1. Boundary Check‑In: Where Am I Right Now?
Note what resonates most right now.
I often feel overextended or depleted
I feel guilty when I say no
I’m available to others but rarely to myself
I carry unspoken resentment
I feel pressure to be an example rather than a human
I’m not sure what my limits actually are
Reflection:
What emotions come up as you read this list?
What feels hardest to admit?
2. Identify Your Common Boundary Stressors
Which of these areas most often test your limits? (Check all that apply.)
Church members’ expectations
Last‑minute ministry needs
Emotional caretaking of others
Protecting family time
Social media or constant accessibility
Supporting my spouse while neglecting myself
Financial or volunteer pressure
Crisis expectations (being “on call”)
Reflection:
Which stressors feel assumed rather than explicitly asked of you?
3. Naming Your Limits (Without Shame)
Finish the following sentences honestly:
Right now, I realistically have the capacity for ________________________
I do not have the capacity for ________________________
When I ignore my limits, it usually costs me ________________________
Reminder: Limits are not failures.

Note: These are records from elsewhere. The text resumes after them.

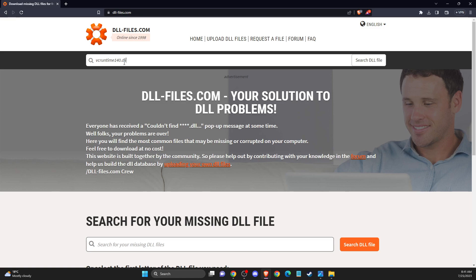Hey guys, in this video I will show you how you can fix vcruntime140.dll missing error on Windows 10 or 11.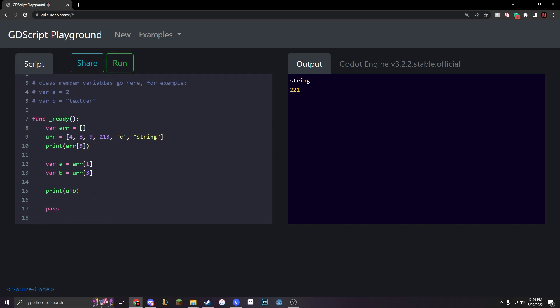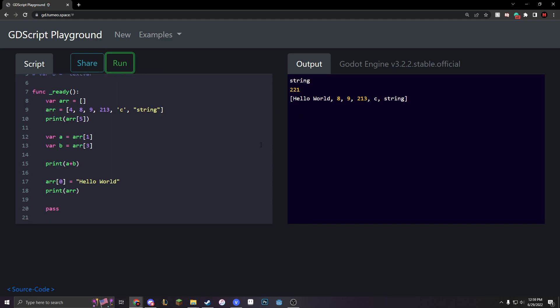We can also replace our variables by typing in array 0 is now... Let's just make it hello world because that's really simple to do. And then we can print out our array. You can see that it overwrites our 0th value.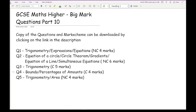Looking at the topic descriptors, these questions are not fixated purely on one topic. Expect these big mark questions to amalgamate lots of different maths topics together, encouraging you to think laterally. Question one involves trigonometry, expressions and equations. Question two covers equation of a circle, circle theorems, gradients, equation of a line, and simultaneous equations — six marks. Question three is exclusively trigonometry. Question four is bounds and percentages. Question five is trigonometry and area. I've also differentiated which questions appeared on a non-calculator versus calculator paper.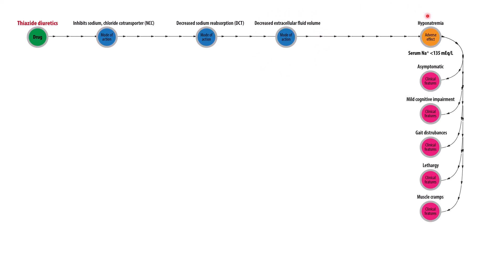And one of those mechanisms is increased water intake. The excess water intake will dilute out the serum sodium and lead to hyponatremia.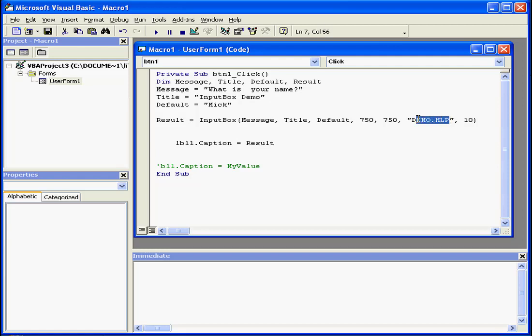This string identifies the help file. This numeric expression is assigned to the help topic in the help file.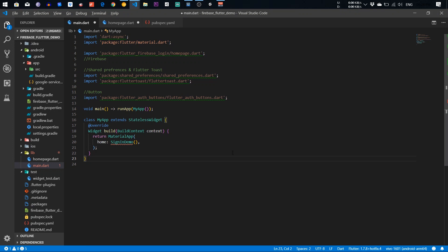Hello, what is up everyone, my name is Sagar. In this video I'm going to show you how you can integrate a Google Sign-In into your Flutter app. In the last video I showed you how to integrate Firebase into your Flutter app, so this is the continuation of that video. If you didn't watch that video, you should watch that first. This video is going to be around 30 to 40 minutes, so I'm going to divide it into two parts of about 15 minutes each.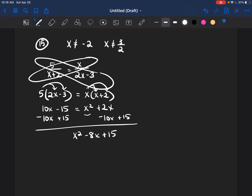Now that it's a trinomial, I'm going to break it into two binomials by factoring. So x and x breaks down the x squared. Then I have to find two numbers that multiply to get 15 but add to get negative 8 — that would be negative 3 and negative 5.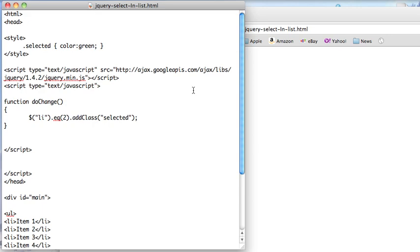Welcome to another edition of JavaScript for You. This morning I wanted to take a look at selecting a specific element in a list and then doing something to it.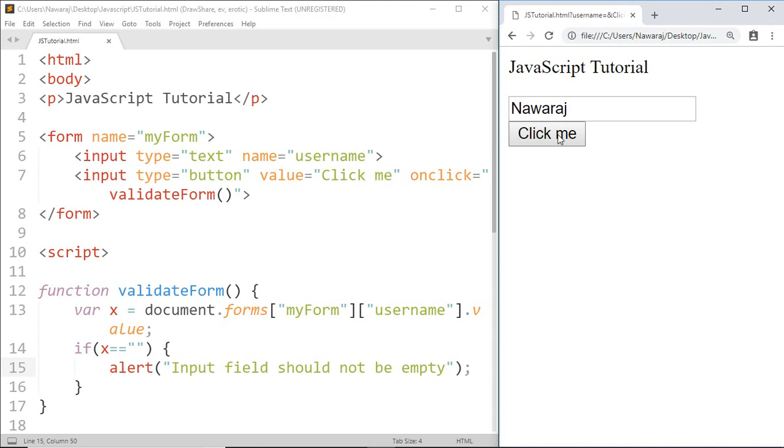condition is false and it does not print anything. And as you know, a real form may contain checkboxes, radio buttons, password fields, email fields and many more, but the concept is the same. We make a function to validate checkboxes, to validate passwords, to validate emails. This is how form validation works. This is the last tutorial on JavaScript, but for future videos subscribe to my channel and hit the bell icon.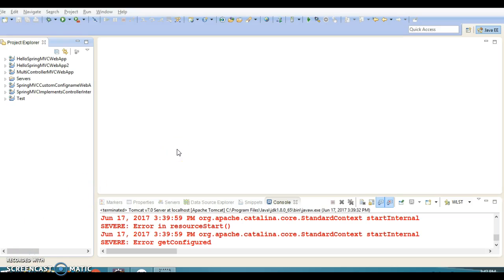Hello friends, my name is Gishan and welcome to this video tutorial. In this tutorial I am going to show you a new way to create a Spring MVC controller.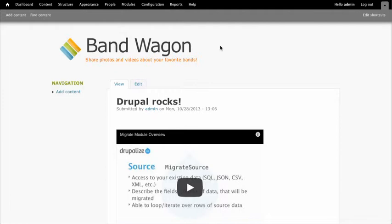This is one contributed module package that supports many different media file uploads, images, videos, audio, et cetera. And it also has a really nice interface for being able to manage and reuse those media assets as well.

They are wisdom.
4. Values‑Based Boundaries
Healthy boundaries flow from what matters most.
Top 3 values I want my boundaries to protect:
Reflection:
How do my current boundaries support or sabotage these values?

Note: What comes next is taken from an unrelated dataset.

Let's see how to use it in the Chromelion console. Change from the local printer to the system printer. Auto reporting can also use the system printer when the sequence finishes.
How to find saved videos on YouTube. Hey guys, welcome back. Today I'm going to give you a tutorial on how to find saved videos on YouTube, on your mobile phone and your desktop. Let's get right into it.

5. Common Boundary Myths to Gently Release
Check any that feel familiar:
“Good ministry means always being available.”
“If I don’t do it, it won’t get done right.”
“Saying no is selfish.”
“People will be disappointed in me.”
“God expects me to say yes.”
Truth Reframe:
God invites you into faithful stewardship, not exhaustion.
6. Boundary Statements You Can Practice
Write or adapt a few phrases that feel both kind and clear.

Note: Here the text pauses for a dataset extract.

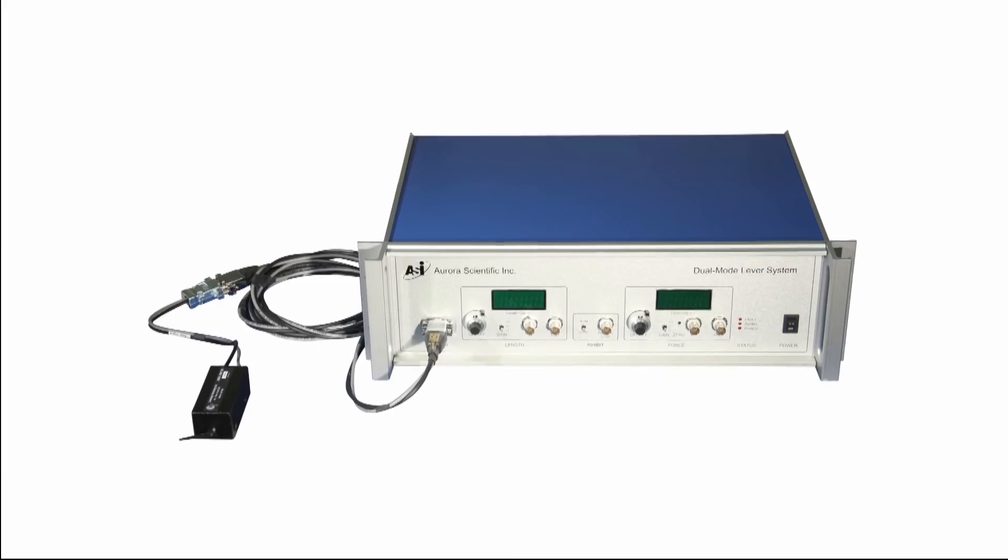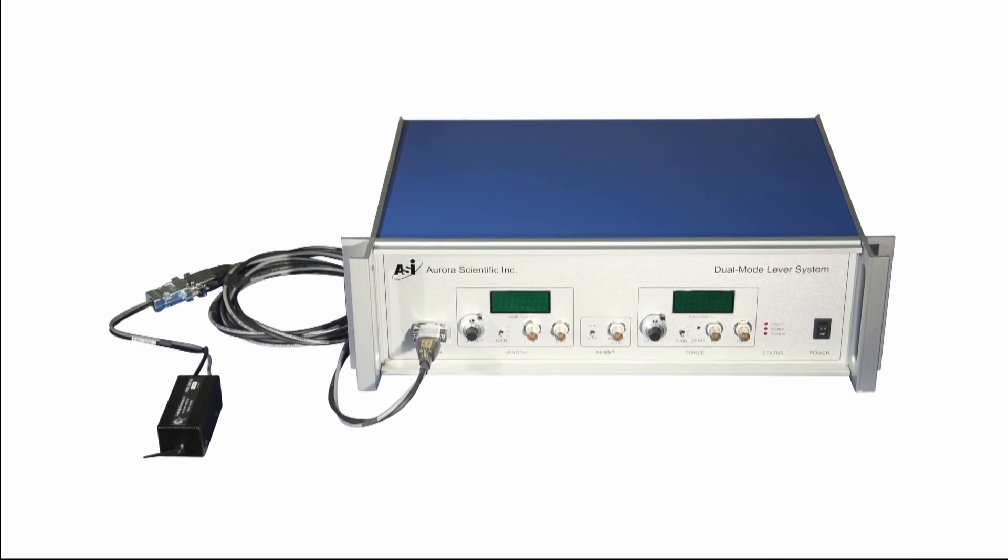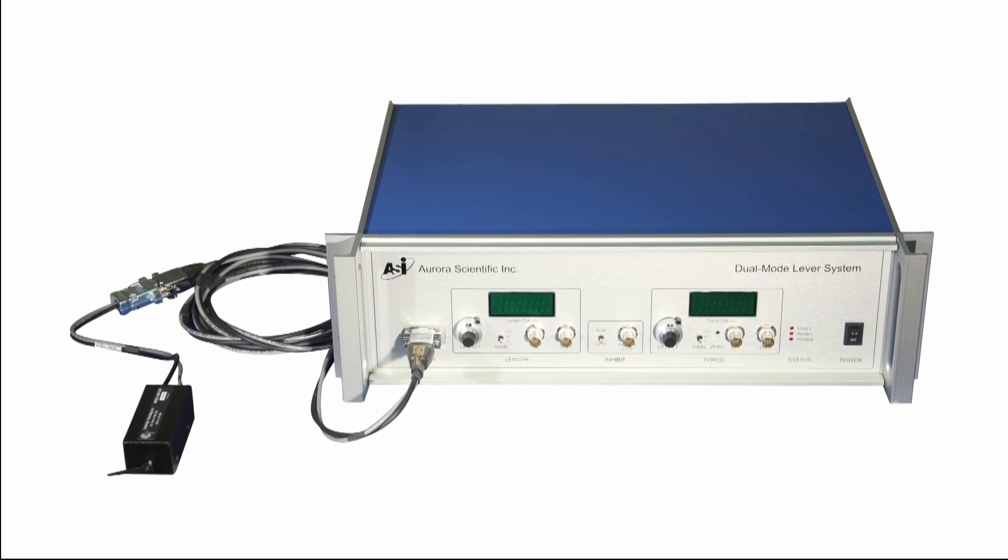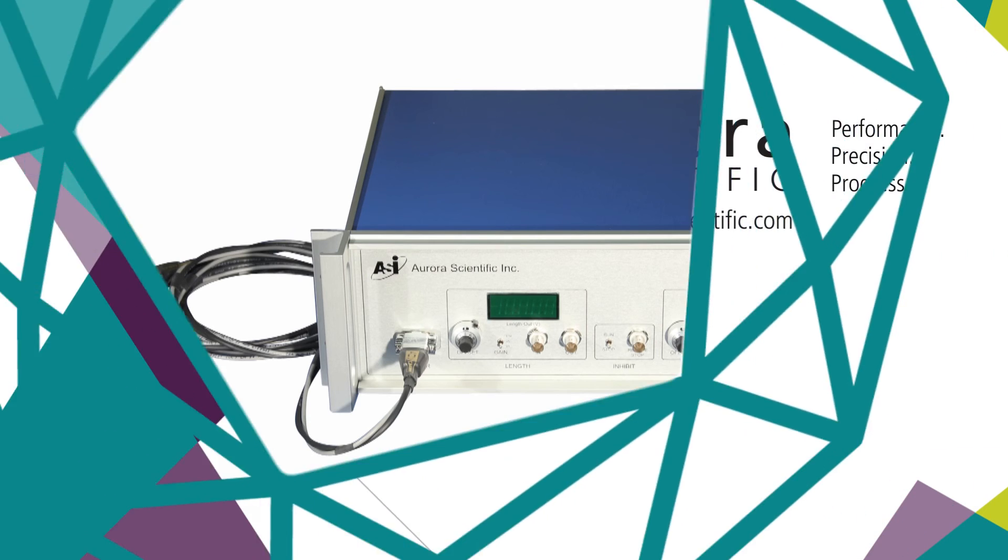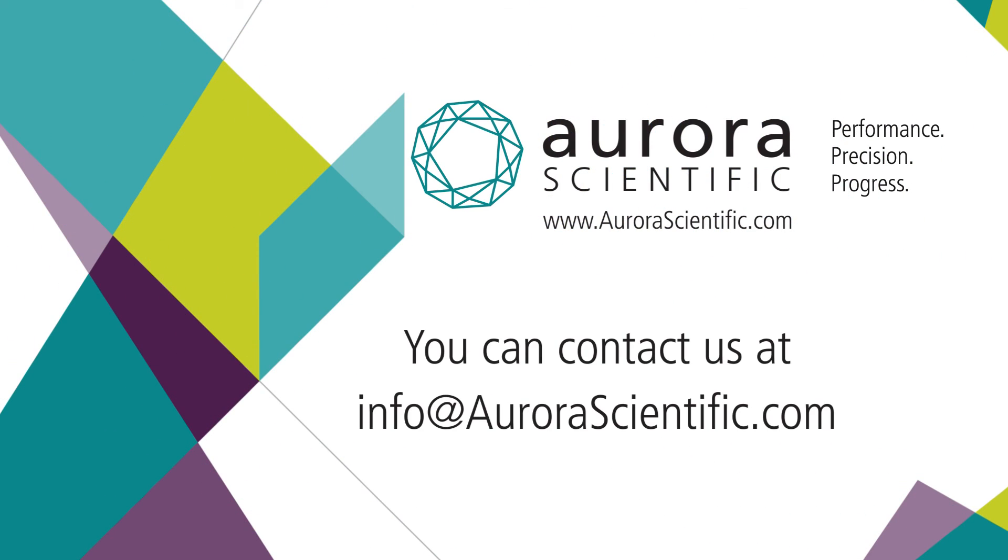You are now ready to integrate your dual mode lever system into the rest of your experimental setup. Please refer to our other setup and introductory videos for further information.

“I’m not able to take that on right now.”
“That doesn’t work for our family in this season.”
“Let me pray about it and get back to you.”
“I can help in a different way.”
My own words:
7. Guilt vs. Conviction Discernment
Ask yourself:
Is this guilt driven by fear of others’ reactions?
Or is this conviction aligned with God’s invitation?
Reflection:
When I say yes out of guilt, what do I lose?
When I say yes out of calling, what fruit do I see?
8. One Boundary I’m Practicing This Month
Be specific and realistic.
My boundary:
Where I will practice it:
Who might need to hear it:
Support I need (person, prayer, counseling, rest):
9. Prayer for Strength & Freedom
Lord, You see my heart, my calling, and my limits. Help me steward all three with grace. Give me courage to say no when needed, wisdom to know when to say yes, and freedom from guilt that You never placed on me. Teach me to rest without fear and serve without losing myself. Amen.
Gentle Invitation
If boundary‑setting feels confusing, emotionally loaded, or impossible to maintain, you don’t have to navigate it alone. Counseling can be a safe place to untangle expectations, heal burnout, and rebuild clarity—without judgment.
You are allowed to be human and holy at the same time.